Native American Archaeology at Port Tobacco

Yes, the focus of the project team's research at Port Tobacco is the Colonial Period development and 19th-century transformation of the town. But, as April's posting yesterday demonstrates, we are interested in the American Indians who occupied the region prior to what scholars call the Contact Period (sustained relations, amicable and hostile, between the aboriginal occupants and the invading Europeans).

Our first phase of study has identified pottery that archaeologists have identified throughout coastal Maryland as Potomac Creek and Rappahannock (both Late Woodland, or dating after AD 800), and as Accokeek and, possibly, Popes Creek (the Early Woodland [750 to 400 BC] and Middle Woodland [400 BC to AD 200] periods.

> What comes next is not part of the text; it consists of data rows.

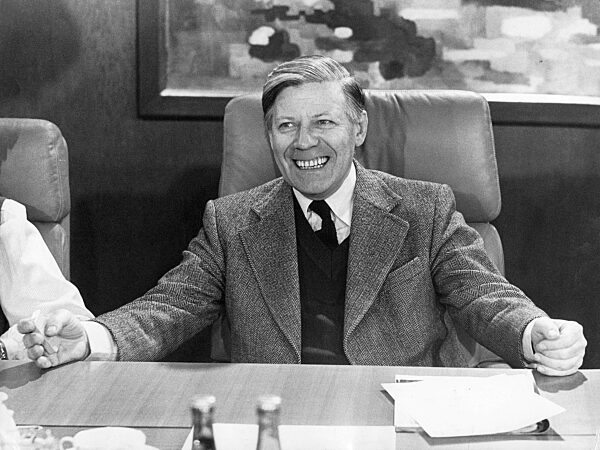 Helmut Schmidt, 1978
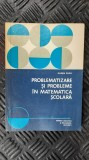 PROBLEMATIZARE SI PROBLEME IN MATEMATICA SCOLARA EUGEN RUSU STARE FOARTE BUNA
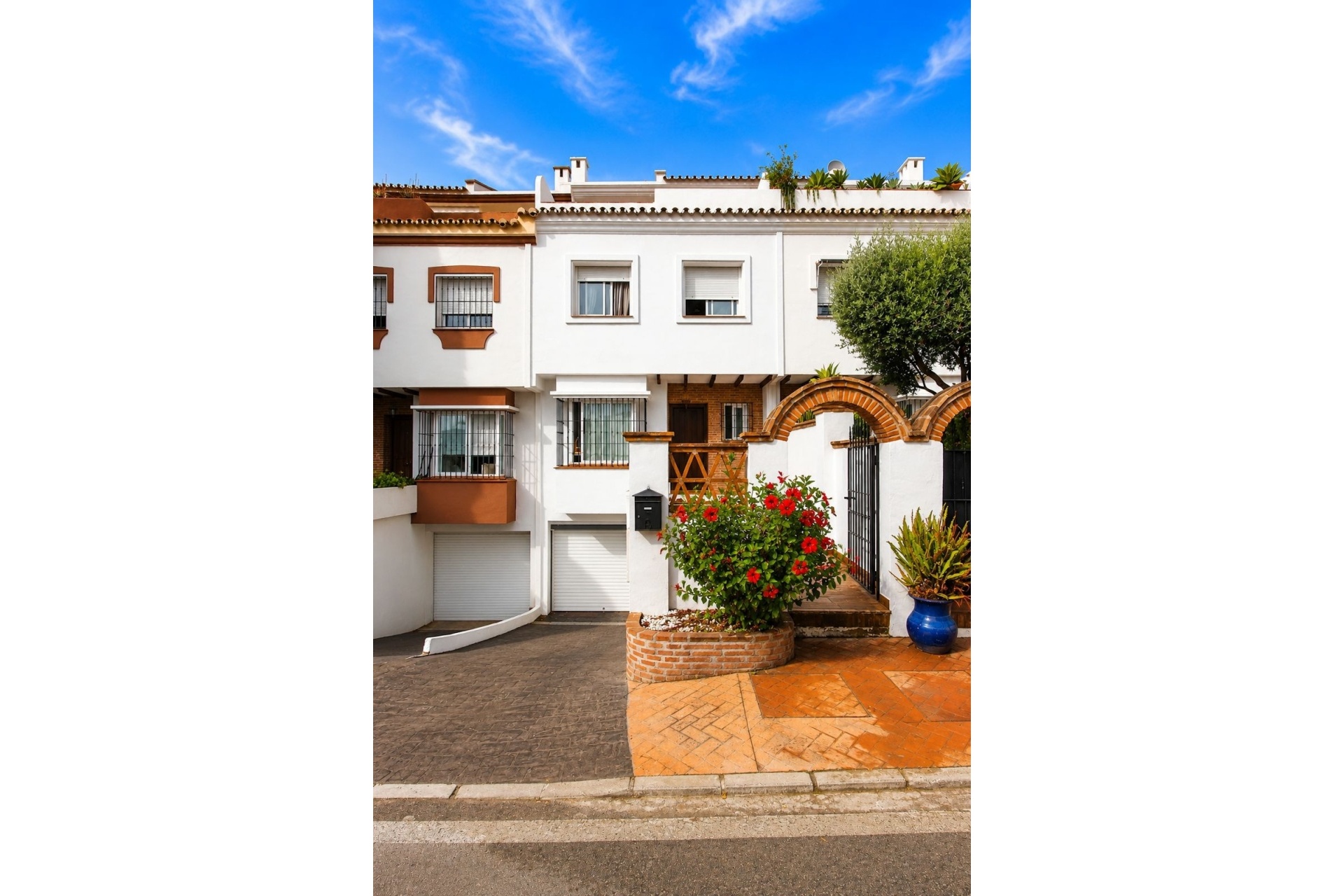 Resale - Town house - Marbella - Marbella Centro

Peter wrote about some of this material a week or so ago. [Just a reminder: these are terms that archaeologists have applied to periods that we have defined and to types of artifacts representative of those periods; they are not the terms used by the people whom we study in referring to themselves and their neighbors.]

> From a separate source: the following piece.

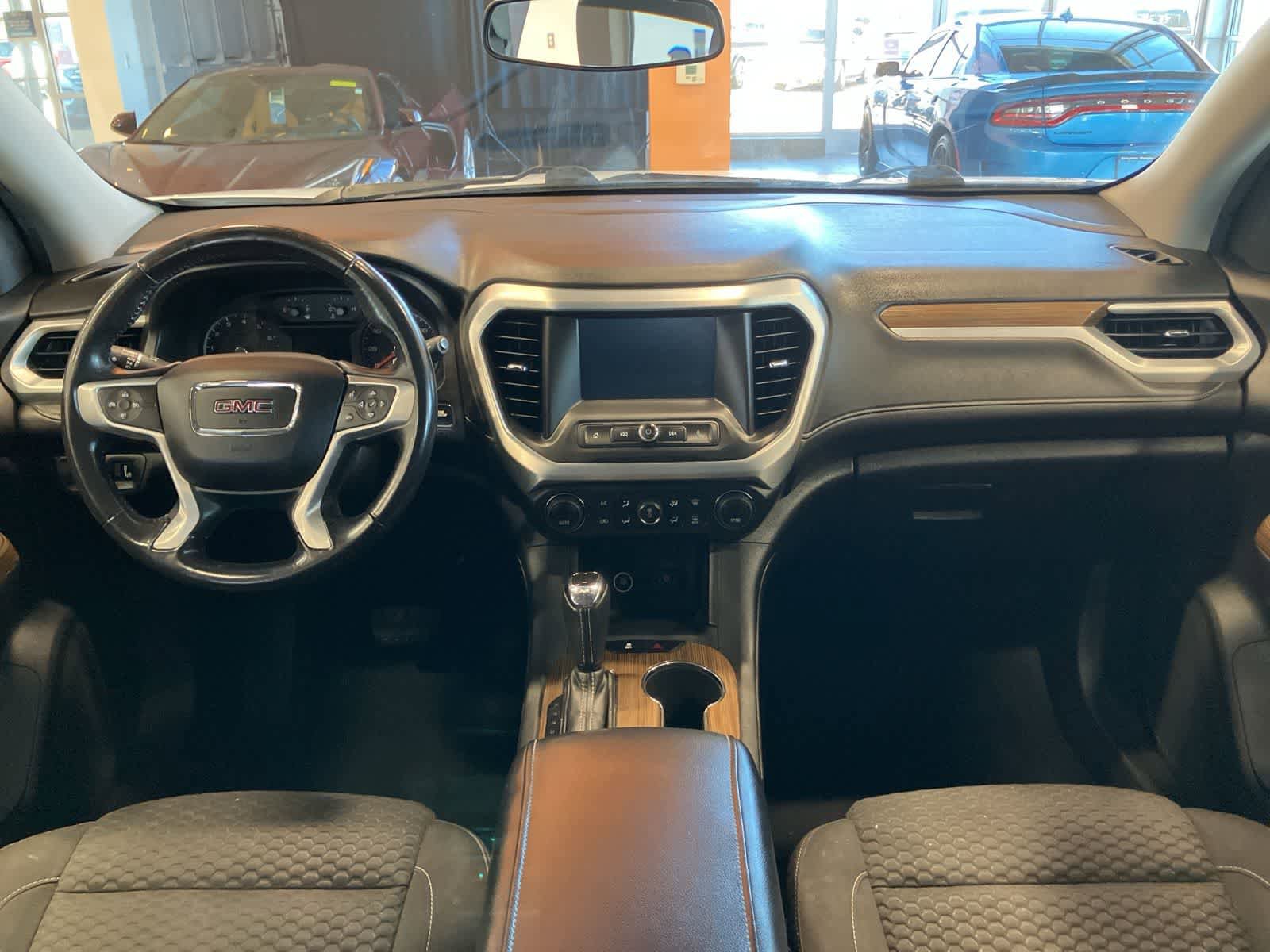 Used 2019 GMC Acadia SLE FWD image 42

The later material seems most prominent and we hope to conduct further testing in the area of one of those concentrations this spring. Given the prevalence of these aboriginal sites throughout the region, one might ask...actually, you might ask...why we are bothering. Well, we wrestle with that question too. As I mentioned in a previous posting, we hope that an exploration of the prehistoric deposits might shed some light on what has happened in the Port Tobacco Valley prior to European colonization; specifically, we'd like to know what geologic processes were in motion before Europeans introduced large-scale deforestation and agriculture.

It is also my hope that we can develop new ways of looking at prehistoric sites in the Chesapeake Basin from the vantage point of Port Tobacco. In my opinion, the amount we are learning each year about these sites, and the people and cultures they represent, is quite small compared to the great strides of a generation and more ago. We are in a bit of a rut, and Port Tobacco offers the opportunity to rethink some strategies and concepts, and perhaps to revise some of the long-held, but poorly substantiated interpretations such as that April wrote about yesterday.

I hope to see many of our readers at Port Tobacco courthouse tomorrow at 1PM for our first major public presentation on our findings. And I hope to see many of you on the edges of our excavation units this spring.